Whip up a bowl of this delicious salsa to go with your
favorite fish and chicken dishes.
Mary Jean Christian,
UCI Health diabetes program coordinator, calls
this her “go-to” dish to add flavor to lean grilled meat
and seafood.
It’s also good for dressing up cottage cheese or as a dip with baked tortilla chips.
Make it as hot or mild as you like by adjusting the jalapeno peppers.
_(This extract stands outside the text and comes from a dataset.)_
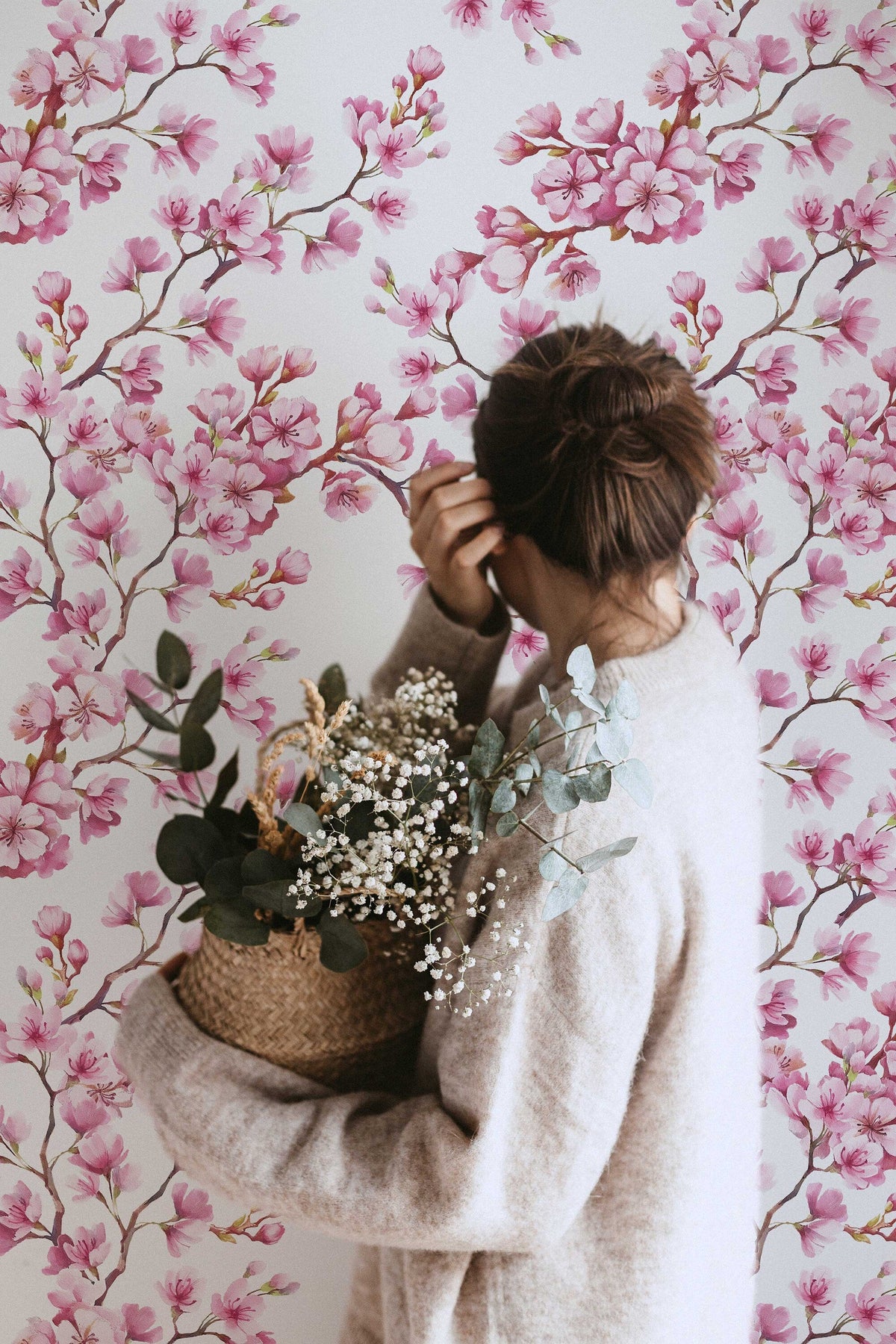 Cherry Blossom Mural | Japanese Sakura Flowers | Blooming in Spring Watercolour Wallpaper | Peel and Stick or Traditional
For a smoky twist, substitute the jalapeno peppers with canned chopped chipotle peppers in adobo sauce and omit the chopped mint leaves.
Mango Salsa
Servings: 9
Ingredients
- 2 cups fresh pineapple, chopped
- 1 cup fresh papaya, chopped
- 1 cup fresh mango, chopped
- ½ cup jicama, chopped
- 2 jalapeno peppers, seeded and minced
- 1 tablespoon fresh cilantro, chopped
- 1 tablespoon fresh mint leaves, chopped
- Juice of one lime
Directions
Mix all the ingredients together and refrigerate 1 hour to develop flavors before serving.
Serve over grilled chicken, fish or turkey burgers.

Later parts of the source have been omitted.